Netflix could be next
If you have one of Samsung’s latter-day QLED or UHD high-end TVs like the Samsung Q9F, you’re in for a treat. As of today, you can stream in HDR10+ now on the units through Amazon Prime Video.
Samsung claimed in a press release that it’s the first time this kind of quality has been achieved through streaming alone. Netflix told us just two days ago that there’s a “possibility” the same HDR10+ support could come to its own service, but the vague nature of the response likely means that kind of support is still far in the future.
You won’t be able to immediately stream every movie at that kind of resolution, of course, but there’s a decent-sized sampling of 100 shows and movies already on offer.

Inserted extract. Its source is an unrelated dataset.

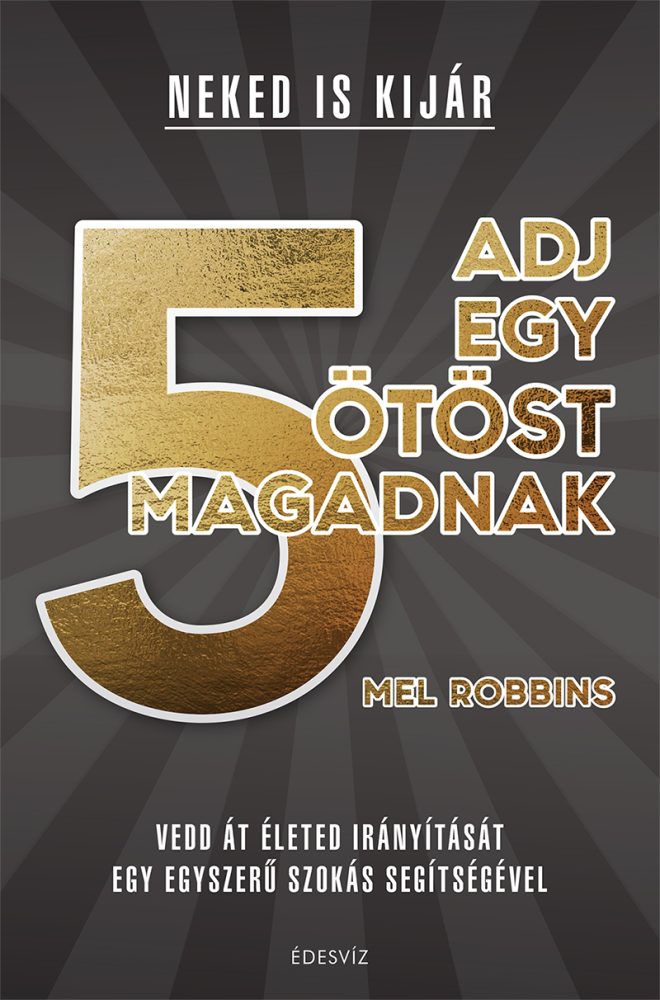 ADJ EGY ÖTÖST MAGADNAK!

Predictability, many of these (such as The Tick and The Grand Tour) come from Amazon’s own studios, which means it’s had this plan in its sights for a while.
Tossing the licenses
In fact, HDR10+ is an open standard for HDR video that was developed by Amazon and Samsung themselves, and it’s particularly known for the way it can adjust brightness automatically as needed.

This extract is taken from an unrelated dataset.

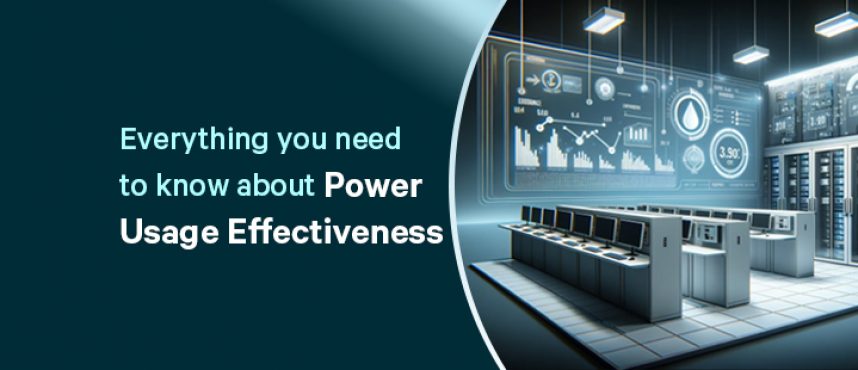 Everything you need to know about Power Usage Effectiveness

It’s also open source, which means neither Amazon or Samsung have to pay royalties for the impressive Dolby Vision, an HDR standard that works with a 12-bit palette rather than HDR10+’s 10. Beyond that, the formats HDR10, HLC and Advanced HDR are also vying for top spot in the increasingly crowded (and complicated) field.
If it works well enough (and the absence of licensing proves appealing enough), maybe that will spur Netflix to get its own HDR10+ content out sooner than later.